Algonquin's size means you've got facilities like the Visitor's Centre, with a restaurant and exhibition about the park, a Logging Museum, Art Centre and evening film shows and talks. It also means there's a wide choice of activities to try out, but one of the most popular way to explore the park is by canoe. If you love canoeing, you'll be in heaven in Algonquin with over 1200 miles of canoe routes to get stuck into.

We got a taste of what to expect on a trip with Algonquin Outfitters to Costello Creek. Our route took us into a sheltered bay full of waterlilies. The park's forests are home to beavers, otters, deer and bears, but we were on the lookout for a Canadian icon – the moose. The park has over 3000 moose, and although we didn't see one from the canoe, it didn't take long to find one. Along the path to the Creek we spotted her at a distance. She lifted her head nonchalantly and for a moment we were eye-to-eye before she carried on with the far more important business of eating.

There are also wolves in the park, and in summers the rangers hold a weekly 'Public Wolf Howl' where you can learn more about them and try your howling skills. As well as its waterways, Algonquin also had mountain bike tracks, 14 hiking routes and some of the best trout fishing in Canada. There are eight campgrounds inside the park so there's plenty of choice, but it can get busy in the holidays. We based ourselves at Rock Lake, where pitches line the edge of the lake. The site was almost full, and it's ideal for first-timers with plenty of novices trying out camping.

 

Killarney

Where Algonquin's accessibility is part of its attraction, Killarney is all about the wilderness. It's a smaller, remoter and more mountainous version of Algonquin, but still only 4.5 hours drive north-west of Toronto.

The area was made famous by the Group of Seven, a group of Canadian landscape painters who fell in love with its landscapes in the 1920s and 30s. They were inspired by the area's unusual mix of colours. There's the pink granite rocks along the coast of Georgian Bay, the white La Cloche Mountains and the emerald green of the park's 50 lakes. And it's one of the artists, AY Jackson, that we need thank for the park being here today. When he heard the area was about to be logged, he petitioned the Ontario government and got them to preserve it as a park.

Today the park stretches over 250 square miles with a mix of rocky peaks, pine forests, lakes and marshes. There's one road into the park and from there walking and canoeing routes fan out into the interior. Killarney's best-known walk is the La Cloche Silhouette Trail, a 48-mile loop that runs through the mountains and takes about a week to complete. But there are plenty of shorter walks too. We headed out on the 2.5-mile Cranberry Bog Trail to explore some of the park's marshlands. From a distance it all looks quiet, but a closer look reveals the water's edge is buzzing with insects and the undergrowth reveals hidden beaver lodges and birds nests.
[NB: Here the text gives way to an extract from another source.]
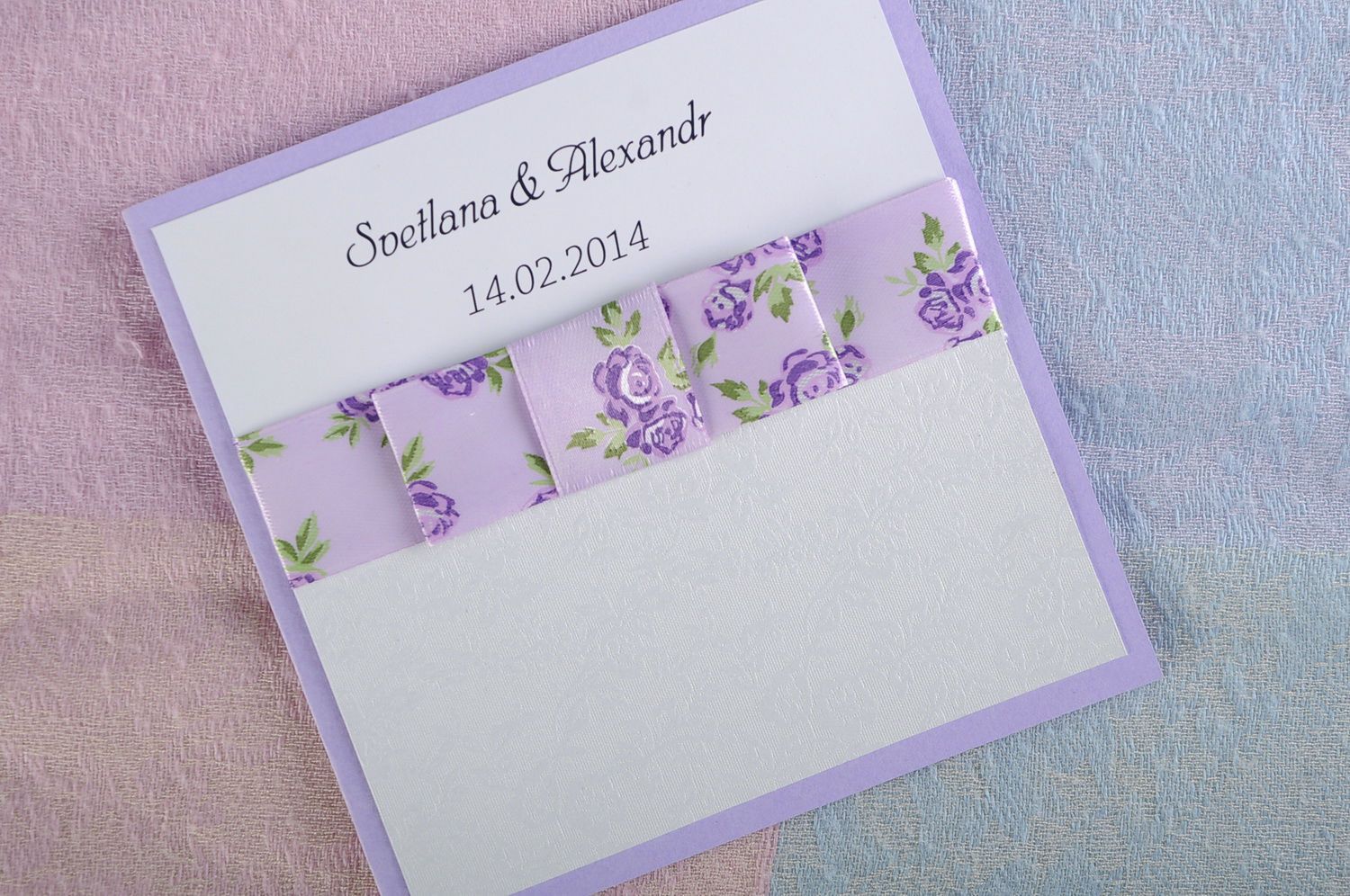 Weiß-lila Hochzeitseinladungskarte foto 1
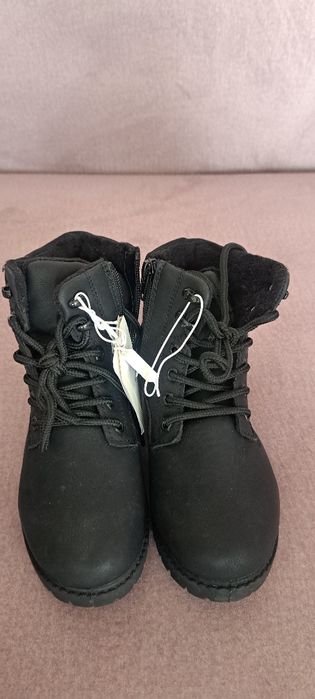 Vând ghetuțe unisex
If you want to get out onto the water, there are beaches and swimming areas at George Lake, and you can also canoe from there. It's one of the best way to explore the park and get a closer look at its unusual geology. Our guide from Killarney Outfitters took us around the lake, steering us close to the banks where you can still see scraping marks on the rocks left by ancient glaciers.

The park has just one campsite which is next to George Lake. Otherwise you can head out into the wilderness to one of the many backcountry camping sites – there are 183 you can access by canoe and 33 on foot. The camping spots are spaced out and screened by trees, so it's peaceful and you never feel crowded. Though watch out for rowdy neighbours – we had a cheeky racoon and a band of noisy chipmunks next door to us.

If you do want a dose of civilisation then not far from the park is the historic village of Killarney. It started life as a fur trading post in the 1820s and is now a pretty waterside village. For a change from campfire cooking you can grab a delicious crispy local fish and chips from Herbert Fisheries and eat it on the dockside among the sailing boats for the perfect end to the day.

Two fabulous parks, but which would you most like to visit, Algonquin or Killarney?